È a quel punto che dieci anni di esasperazione si impossessano di Maria. La donna afferra la prima cosa che le capita sottomano, un grosso coltello da cucina, e si avventa contro il marito. Lo colpisce alla gola, due volte al petto e una alla spalla destra.
Baravalle, impreparato a una simile reazione, non riesce a difendersi e crolla in un lago di sangue, morto sul colpo.
È a questo punto che, inspiegabilmente, i tre lasciano il cadavere dove si trova e iniziano un macabro pellegrinaggio. Prima vanno a Robassomero, dove avvertono il titolare della macelleria in cui lavora Aldo, poi a Cafasse, dove abita un fratello di Baravalle, e infine ad Alpignano dove c'è il fratello della Lanzetti.

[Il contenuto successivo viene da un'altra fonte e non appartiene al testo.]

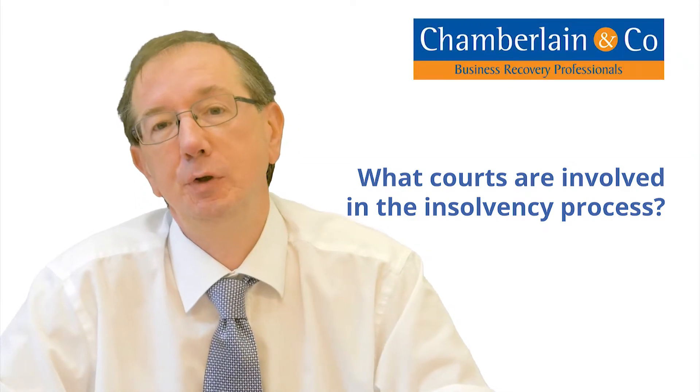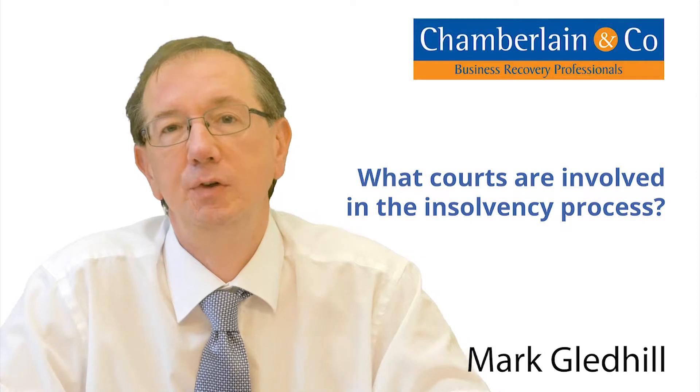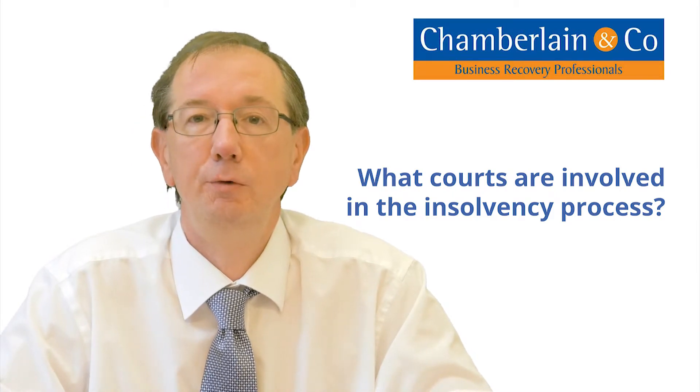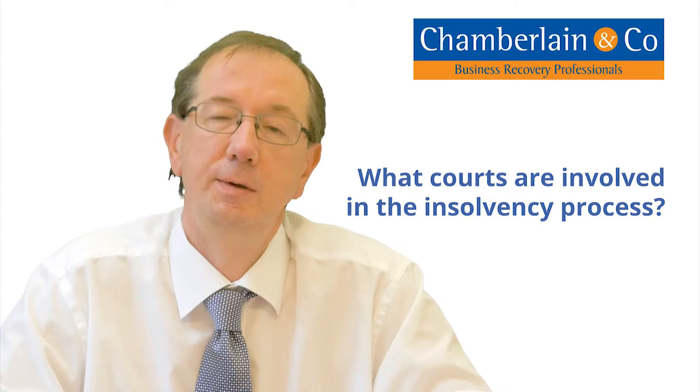What courts are involved in insolvency processes? Well, that depends on the insolvency process, but the main two courts involved are either the High Court of Justice — this is the commercial side — or a county court. There's no rhyme or reason necessarily for going one rather than the other, say if you're doing a bankruptcy.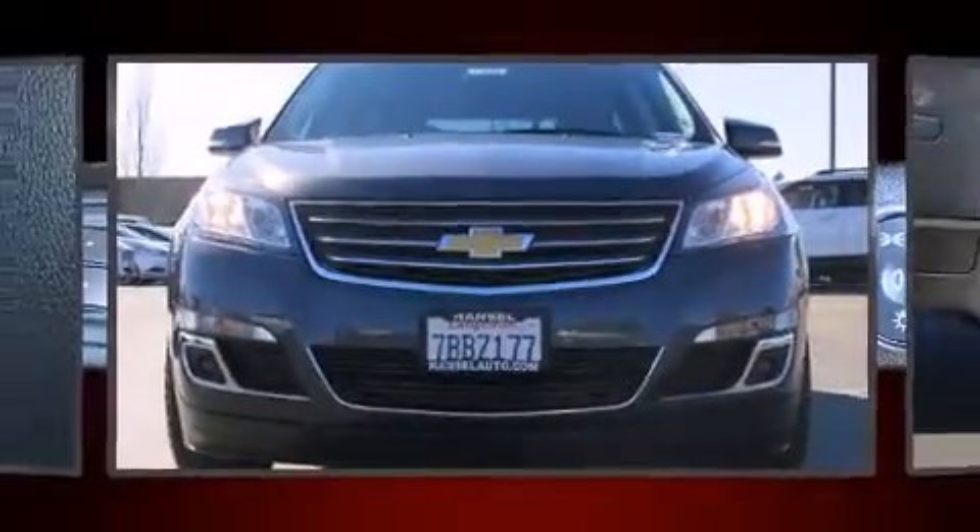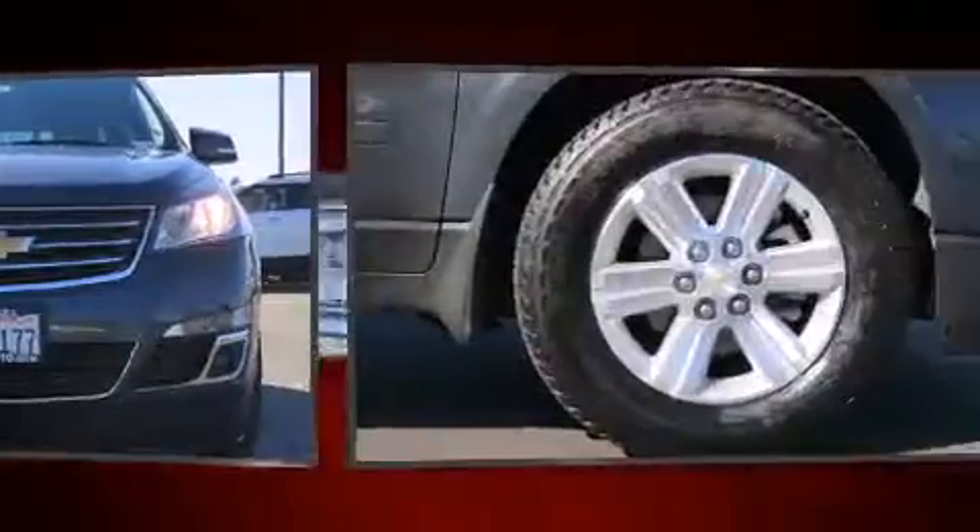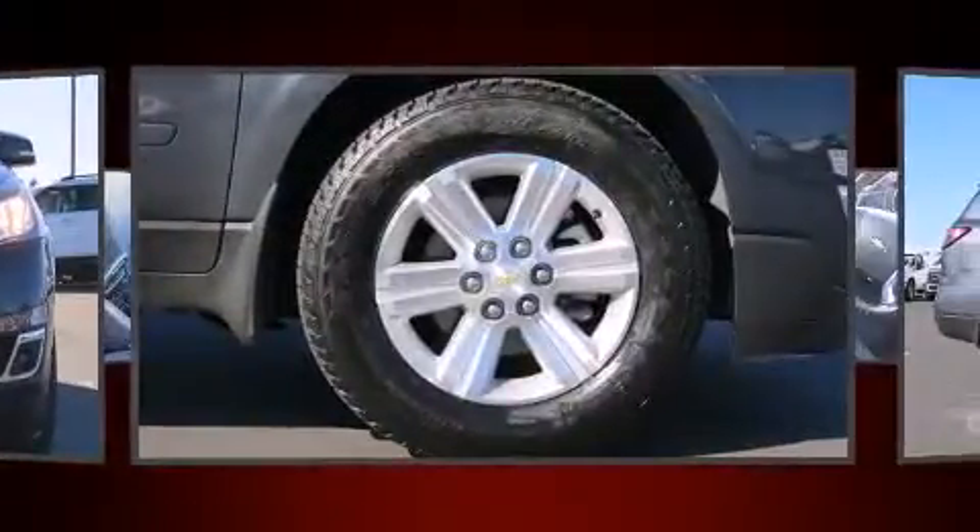Introducing the 2014 Chevrolet Traverse. Under the hood, you'll find a six-cylinder engine with more than 270 horsepower, providing a smooth and predictable driving experience.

Quando tornano, trovano i carabinieri che stanno tentando di forzare la porta della loro abitazione, avvertiti dai vicini. Maria li vede e, ancora sull'uscio, confessa immediatamente: "Sono stata io", scoppiando in lacrime.
Al processo, difesa dagli avvocati Chiusano e Masselli, la donna, oltre a riconoscere le sue colpe e a narrare con dovizia di particolari gli ultimi dieci anni del suo personale inferno coniugale, decide, per ottenere un'ulteriore attenuante, di risarcire i danni spogliandosi di ogni suo avere, intestando case e terreni a suo figlio Aldo.
Di contro, nella sua requisitoria, il Pubblico Ministero, pur riconoscendo all'uxoricida ampie giustificazioni dovute alle continue provocazioni subite, invita la corte a riflettere non soltanto sul dramma dell'assassina ma anche su quello dell'uomo: "Non dimentichiamoci che la vittima era ammalata di silicosi e aveva dovuto abbandonare il lavoro. Costretto a casa tutto il giorno, Pietro Baravalle aiutava la moglie nelle faccende domestiche e assisteva impotente al suo declino di uomo e di lavoratore. È comprensibile che fosse sempre di cattivo umore e facile all'ira. E poi non credo che la cattiveria stia sempre da una parte sola. Concedete pure le attenuanti alla donna, ma condannatela per omicidio volontario. È chiaro che l'imputata ha afferrato il coltello non per difendere i figli o sé stessa, non per spaventare il marito, ma per ucciderlo".
Il 29 aprile 1975, Maria Lanzetti viene condannata a otto anni di reclusione.